What's happening: City Hall has set a goal to achieve 100% clean energy for municipal operations — solar panels on rec centers, EV trucks and the like — and citywide by 2035.
- Leaders wanted to hit the 30% mark by 2025. However, chief sustainability officer Chandra Farley told members of an Atlanta City Council committee this week, "we're about 13% of the way [to the overall goal]."
Catch up quick: In 2017, then Atlanta City Councilman (and mayoral hopeful) Kwanza Hall proposed the goal shortly after telling a Buckhead forum he was skeptical of climate change.
- Hall later said he misspoke; he just wasn't sold on "the politicization of big issues like climate change." The council approved a plan in 2019.
In the weeds: The city buys its energy from Georgia Power, which considers nuclear energy to be clean.
- The city doesn't; Farley told Axios in a statement that residents involved in the plan's creation expressed concerns over nuclear's cost and water consumption during the planning process.
- If it did, Atlanta would be closer to 28% toward its overall goal, Farley told the committee.
What they're saying: Environment Georgia's Jennette Gayer told Axios she urges the city to make plans to catch up with the goal.

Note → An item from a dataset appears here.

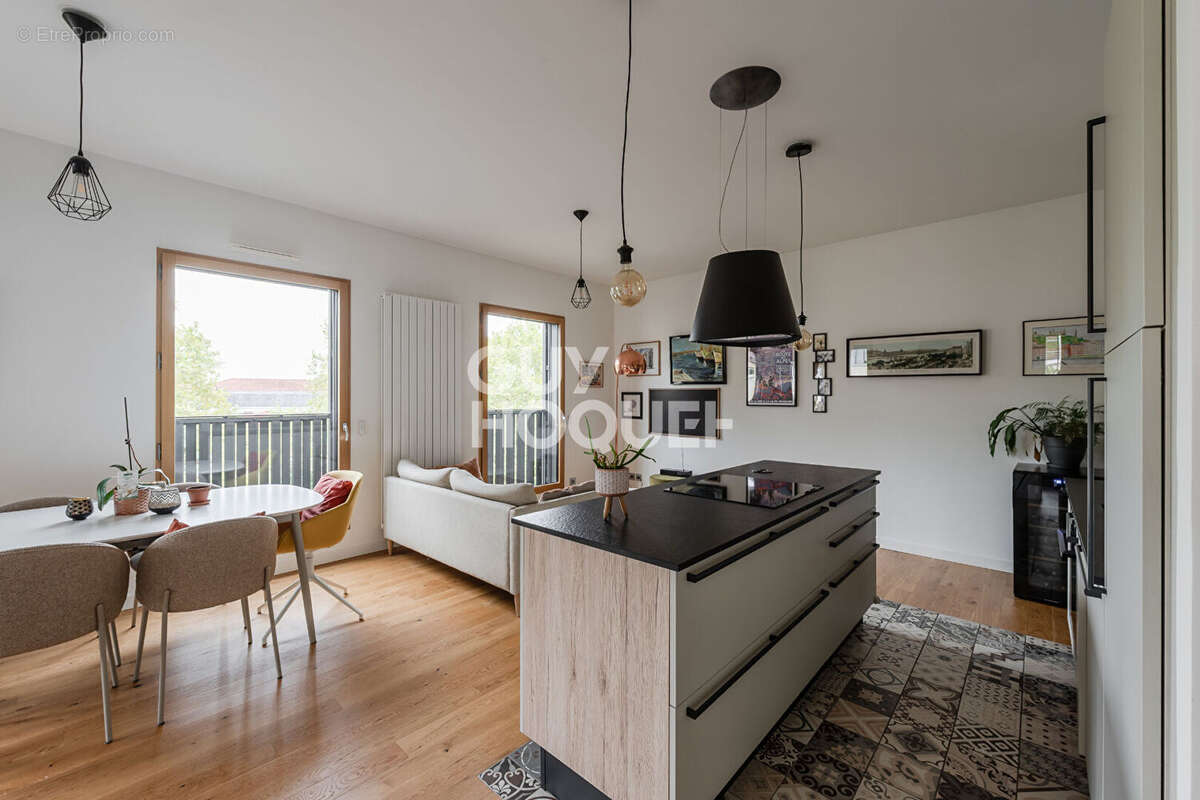 Appartement à LYON-4E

But even if City Hall misses a benchmark, there's reason to celebrate.
"This was never going to be easy in Georgia," Gayer, who sits on the city's clean energy advisory council, told Axios.
- Atlanta and other cities are advocating at the Georgia Public Service Commission, the state agency that regulates utilities, for more renewable energy, she said.
- They're also partnering on applications for federal grants to go green.
What the city's saying: The city's plan to reach 100% prioritizes using less energy, generating more clean energy, and buying renewable energy credits, Farley told Axios.
- The biggest challenges, she said: the state's utility policy, funding, and wider adoption of available technologies.